Proposed, but as yet unimplemented parameter attribute information:

  • tied - (proposed, unimplemented) The name of another feature or group of the same kind to which this parameter is tied, or a dict of {feature: name, ratio: val_or_bounds}, naming the tied feature, where the val_or_bounds is specified as either a single value, or as a {value: val, bounds: [low, high]} dict specifying the ratio of this parameter’s value, as the numerator, to the matching tied parameter value. An omitted ratio implies a “trivial” tie, with ratio 1.0.

    Use this to tie two lines or features together with a fixed or varying ratio, typically of power or wavelength. Note this introduces a new psuedo-parameter (either fixed or independent, with bounds), and that the target tied feature can also be a group of features. See Tied constraints.

And similarly, for group-level band-summed ties:

  • tied - (proposed, unimplemented) A dict of one or more name: {param: parameter, ratio: val_or_bounds} specifying another feature or group name to tie this group’s parameter to, via a sum. Typically this would be useful only for amplitudes, like power or tau. ratio is as above, except it pertains to the sum of the associated attribute values between this group and the target tied group.

For more information on tied parameter calculation for both individual features or groups, see Tied constraints.

Default values

Any parameter (except fwhm) which is required for a model, but left entirely unspecified in some feature in the science pack (e.g power for a line) is by default set to vary with lower bound of 0, and infinite upper bound ([0, .inf]). This would typically include line and feature power, continuum and attenuation τ, etc. (though these of course can be limited).
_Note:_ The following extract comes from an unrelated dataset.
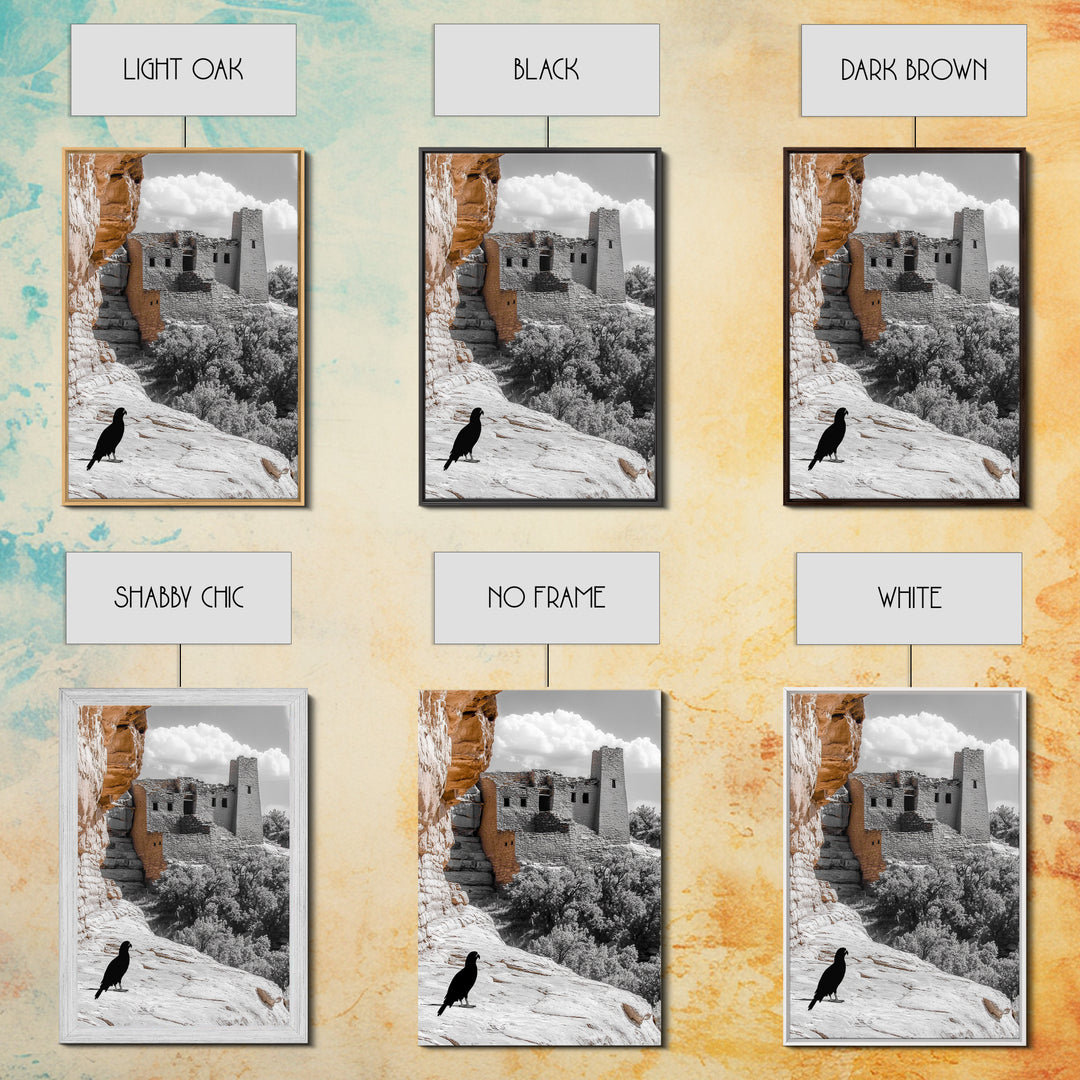 Desert Ruins, Black Bird, Ancient Architecture, Canvas Print, Historical Wall Art, Southwestern Decor, Moody Earth Tones, Living Room Art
As a special exception, because it will be overridden by the instrument pack, line fwhm is fixed if unmentioned.

If a parameter value is included without bounds, it is intrepreted as a fixed parameter.

Example science pack

An example of the science pack format, with several groups, and all parameter kinds:

# Starlight continuum [parameters: tau, temperature]
starlight:  # Blackbody
    kind: starlight_continuum
    temperature: 5000

# Dust continuum [parameters: tau, temperature]
dust_cont: # Modified Blackbodies
    kind: dust_continuum
    # shorthand for a group of unnamed dust_continuum features.  Naming is automatic.
    temperature: [300, 200, 135, 90, 65, 50, 40, 35]

# Unresolved Lines [parameters: wavelength, power]
H2:  # simple line group, with common bounds for all lines
    kind: line # Gaussians
    bounds: [-0.1%, 0%] # bounds can be set for the entire group, here leftward only
    # Shorthand for a group of named lines.  
    wavelength: 
        H2_S(7): 5.5115 
        H2_S(6): 6.1088

# An explicit group of unresolved lines
ionic_lines: 
    kind: line 
    # Full form of lines [parameters: wavelength, power]
    features:
        NeII:
            wavelength:
                value:  12.813
                bounds: [-10%, 1%] # fractional bounds for wavelength
        NeIII:
            wavelength: 15.555
            power:
                tied: # experimental/unimplemented
                    feature: NeII         
                    ratio:
                        value: 4.
                        bounds: [-1.5#, 0.75#]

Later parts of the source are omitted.